“It isn’t what we don’t know that gives us trouble, it’s what we know that ain’t so.” – Will Rogers
In his latest book, Under New Management, David Burkus challenges a number of conventional business practices. These practices include, but are not limited to: the “customer first” mentality, non-compete agreements, email, standard vacation policy, office design, annual performance appraisals, and even the need for managers.
Under New Management is well worth reading. Below, I zero in on three practices Burkus addresses.
Management Focus on Employees First
Vaneet Nayar, CEO of HCL Technologies (HCLT), jettisoned the “customer first” mindset and replaced it with “employees first, customers second.” Burkus describes HCLT’s practices in the book.
John Mackey of Whole Food Market has described this mindset as a virtuous circle. He said management’s job is to take care of employees and the employees’ job is to take care of customers.
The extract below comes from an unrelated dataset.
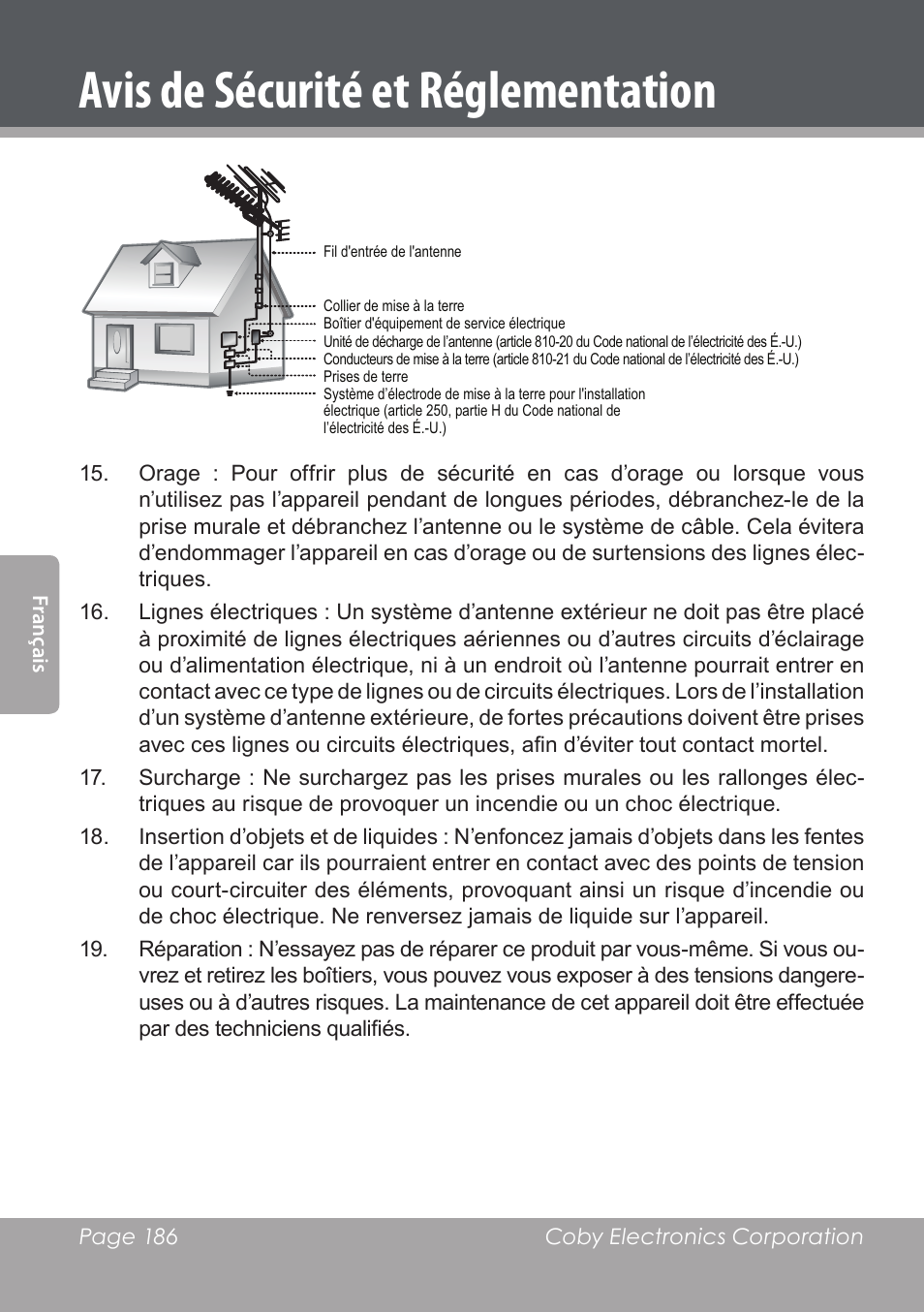 Avis de sécurité et réglementation | COBY DVD978 User Manual | Page 186 / 190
This leads to profits that take care of shareowners who in turn reward management with additional investment to expand their activities to serve customers.
I like this mindset because too often the “taking care of employees” link is left out. This is why two-thirds of employees in America today are not engaged at work.
Hire as Team
Burkus says the best leaders bring their whole team into the interview process, unlike the conventional approach in which the specific manager makes the hiring decision. He cites Whole Foods as an example. Each Whole Foods store has 8-10 teams grouped into functions, including produce, meat, and checkout. Potential new employees go through phone interviews, one-to-one interviews with store leaders, and panel interviews with recruiters, managers and select employees. Once associates come on board, the store leader places them on a team for a trial period after which a two-thirds team member vote is required to finalize team membership. This process applies in stores and in the home office.
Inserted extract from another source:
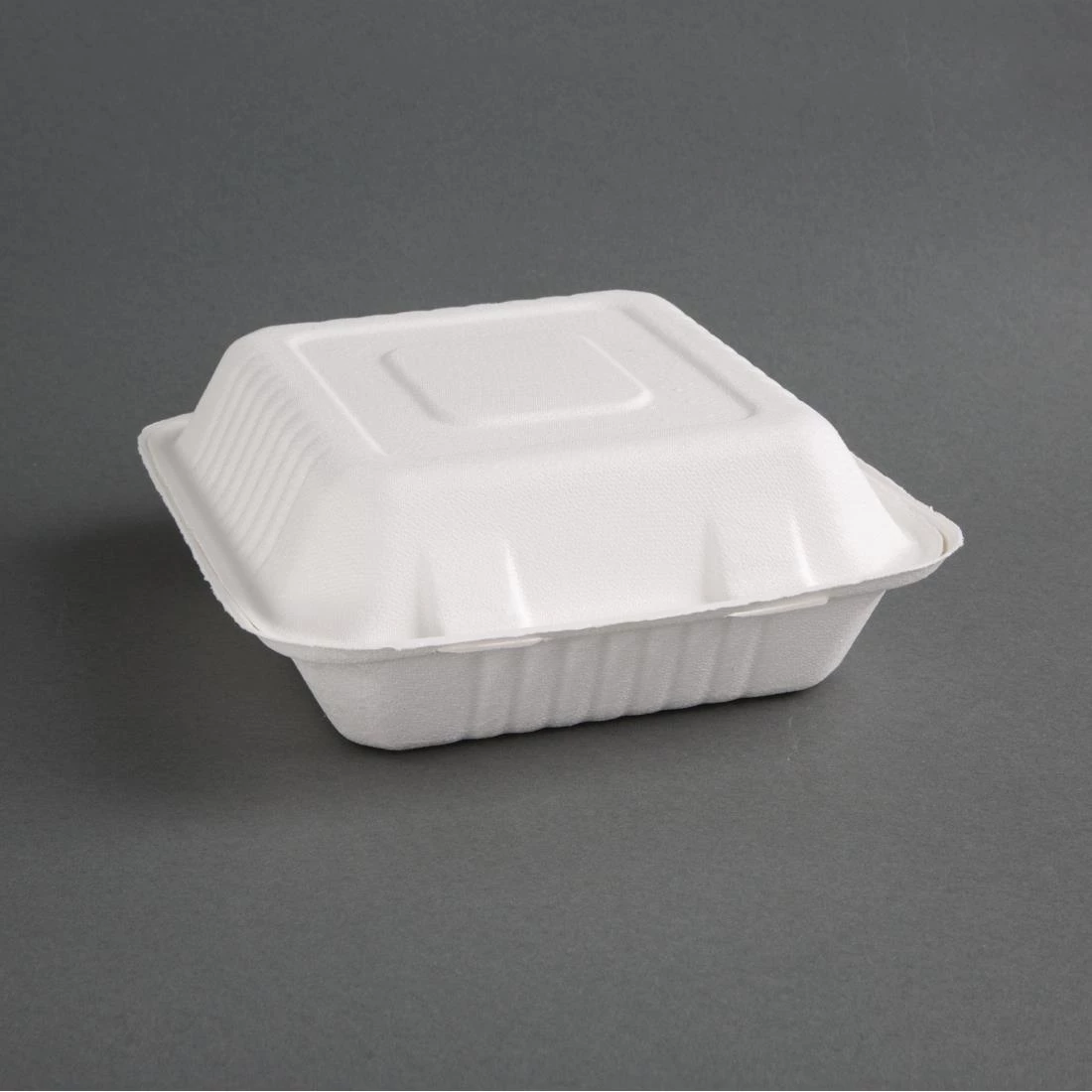 Fiesta Compostable Bagasse Hinged 3-Compartment Food Containers 201mm (Pack Of 200)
The only company I have worked for that employed a team approach to hiring was Morgan Stanley. Based on my observations, it resulted in identifying new employees who best fit the culture so I’m a big fan of this approach, primarily because the more employees who interact with a potential new hire, the more input on whether or not the new hire shares the values.
Ditch Performance Reviews
Everyone knows that the annual performance review is problematic and yet many organizations still employ this practice. Burkus tells the story of Adobe Systems replacing its annual performance review with a more frequent (typically monthly or quarterly) informal “check-in” process that focuses on expectations, feedback, and growth and development. With this method, Burkus says Adobe reported a significant improvement in employee and manager morale.
This more frequent / less formal approach addresses my primary concerns with annual performance reviews. First, they create too much anxiety on the part of employees. With greater frequency, the performance check-in will become part of ongoing communications rather than a big event. The second problem I have is that if the only time an employee hears constructive feedback is during an annual review, there are going to be long periods during which an employee may be unaware he is performing sub-optimally. Frequent check-ins encourage dialogue.
To learn more about research and examples that challenge conventional management practices, pick up a copy of Under New Management and read it with your team.
Note: I received a review copy of this book in advance of publication.